The guide took us up to one of the rooms of the Cathedral Museum, and showed us what would have been a banquet room and gave wonderful explanations of the various carvings and colors that would have filled the room.  Even ceilings weren't left alone.  There is a whole other language being used, a kind of shorthand, that many of us are unaware of these days.  Just as we speak in sometimes unintelligible shorthand while texting, in a way so did the builders and artists who made the cathedral and surrounding buildings.  We may use the phrase IMHO (In my humble opinion!) or LOL (laughing out loud).  When these buildings were being mapped out, you might have been told your "place" in someone's humble opinion by a simple glance around you.  Look up and see plain and few ornaments in your little part of the universe and you didn't need to wonder where you fitted into the larger picture. Then all of this would have been painted too.  While our current sensibilities are accustomed to the tans, taupes, grays and browns, in their time much of the rooms as well as the cathedral proper would have been beautifully painted.  Add then banners of all sorts, tapestries and the rich colored robes and the place would have been a riot of color.  So very different from what we see today, cool and calm and monochromatic.

From these rooms our guide, Andy, took us up yet another flight of steps which brought us to the gallery in the Cathedral itself.  Amazing things to be seen and discovered here, many completely unexpected.  In it's hey day this gallery running around the cathedral would have been where pilgrims spent the night.  All of a sudden the botafumeri clearly is much more than a show stopping ornamental incense burner.  It's essentially a giant room deodorizer!

This pic was taken in '08

Look at the thickness of those ropes!!





Can you imagine waking up in the morning...looking down and seeing this in the cool light of dawn!
Here we also got an incredible up close view of what was once a rose window in the original facade of the cathedral.

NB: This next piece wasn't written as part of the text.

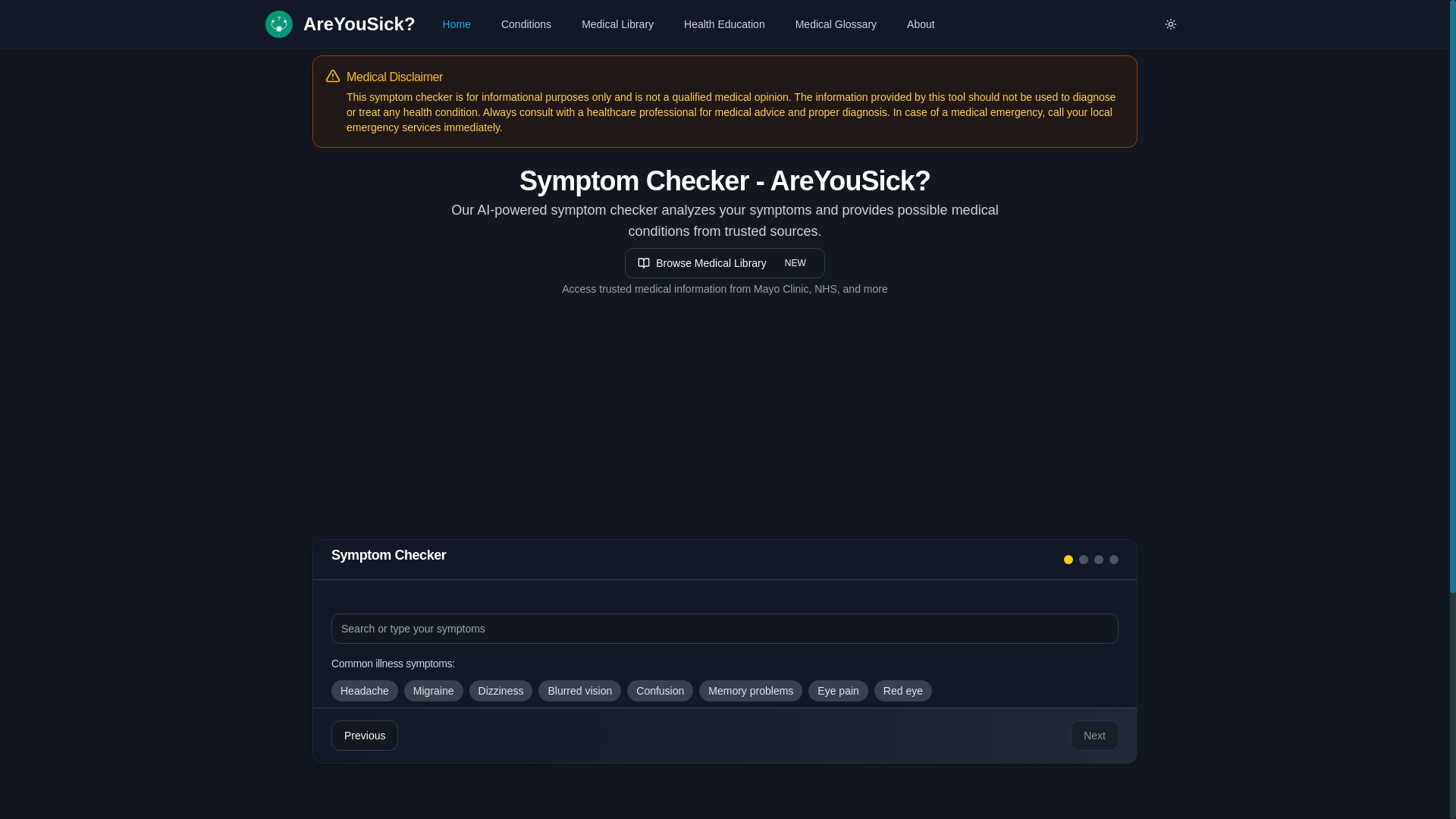 website screenshot of https://areyousick.app/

So sad, at least to me, to see what was once someones beautiful masterpiece pushed aside by a change in fashion.  But that still goes on today, doesn't it, out with the old and in with the new?




This area is off limits unless your on the tour, or one of the lucky people who are working on restorations up here.  This is also turns out to be the attic area of the cathedral.

Imagine this as your workspace!!  Ahh one can dream!
These giant figures are used during feistas! We were told the represent in a humorous
way pilgrims from around the world.
This is how it rests on the person carrying it!
Somehow it looks like the ultimate headache.

Now it was onward and upward to the roof itself.  I had no real idea what it might be like up there.  It was amazing.  The one and only complaint, was of myself, for being silly enough not to inquire about footwear.  I had my crocs on, which were ok, but my hiking shoes would have been much more secure.  Especially for someone who doesn't like heights all that much.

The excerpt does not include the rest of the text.